Posterior odds in Bayesian testing represent the ratio of posterior probabilities of which hypotheses?

• A. The ratio of the prior probabilities of the hypotheses.
• B. The ratio of the likelihoods of the data under the two hypotheses.
• C. The ratio of the posterior probabilities of the null to the alternative hypotheses.
• D. The ratio of the posterior probability of the alternative hypothesis to the null hypothesis after data.

Answer: (D)

Posterior odds measure how the data shift our belief from the null to the alternative. They are the ratio of the posterior probability that the alternative hypothesis is true to the posterior probability that the null hypothesis is true, after observing the data. In symbols, this is P(H1|data) divided by P(H0|data).

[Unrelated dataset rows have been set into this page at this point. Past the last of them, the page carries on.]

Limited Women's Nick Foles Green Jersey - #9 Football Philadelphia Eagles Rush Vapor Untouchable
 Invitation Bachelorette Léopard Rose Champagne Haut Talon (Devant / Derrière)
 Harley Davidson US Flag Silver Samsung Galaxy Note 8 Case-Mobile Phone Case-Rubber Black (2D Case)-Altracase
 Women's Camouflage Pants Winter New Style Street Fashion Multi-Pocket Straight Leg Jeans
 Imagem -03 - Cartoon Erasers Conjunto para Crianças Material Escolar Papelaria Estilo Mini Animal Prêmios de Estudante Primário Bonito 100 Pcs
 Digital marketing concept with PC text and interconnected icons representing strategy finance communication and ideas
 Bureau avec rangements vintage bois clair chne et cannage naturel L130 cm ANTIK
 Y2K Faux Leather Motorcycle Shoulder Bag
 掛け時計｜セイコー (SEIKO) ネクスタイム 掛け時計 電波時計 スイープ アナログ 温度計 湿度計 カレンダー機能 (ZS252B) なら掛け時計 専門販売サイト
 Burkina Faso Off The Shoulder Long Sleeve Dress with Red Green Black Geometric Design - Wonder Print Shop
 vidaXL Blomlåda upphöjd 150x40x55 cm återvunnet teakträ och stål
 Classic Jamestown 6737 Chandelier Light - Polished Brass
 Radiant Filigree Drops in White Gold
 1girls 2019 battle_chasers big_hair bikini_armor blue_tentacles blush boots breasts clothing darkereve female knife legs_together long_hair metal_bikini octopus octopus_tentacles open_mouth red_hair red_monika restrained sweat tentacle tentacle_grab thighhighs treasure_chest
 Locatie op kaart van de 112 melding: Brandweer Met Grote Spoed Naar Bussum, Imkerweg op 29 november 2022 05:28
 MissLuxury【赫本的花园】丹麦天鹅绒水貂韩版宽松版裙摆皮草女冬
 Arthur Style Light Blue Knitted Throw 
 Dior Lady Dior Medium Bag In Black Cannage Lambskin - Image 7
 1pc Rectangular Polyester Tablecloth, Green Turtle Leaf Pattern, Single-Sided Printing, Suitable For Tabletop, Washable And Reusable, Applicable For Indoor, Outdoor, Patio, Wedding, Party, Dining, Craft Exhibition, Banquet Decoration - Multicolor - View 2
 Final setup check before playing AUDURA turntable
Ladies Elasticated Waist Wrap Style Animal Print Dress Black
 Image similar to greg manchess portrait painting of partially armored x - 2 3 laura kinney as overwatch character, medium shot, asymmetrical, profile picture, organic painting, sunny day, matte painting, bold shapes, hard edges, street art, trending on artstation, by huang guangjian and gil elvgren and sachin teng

This quantity can be broken down as the product of the Bayes factor and the prior odds: (P(data|H1)/P(data|H0)) × (P(H1)/P(H0)). That unpacking shows how the data (through the likelihoods) and our starting beliefs (through the priors) combine to form the updated belief about which hypothesis is true. If the posterior odds exceed 1, the data favor the alternative; if they are below 1, the data favor the null.

Other options correspond to related but different ideas: a ratio of priors is the prior odds, a ratio of likelihoods is the Bayes factor, and the ratio of the null to the alternative posterior probabilities is the reciprocal of the standard posterior odds.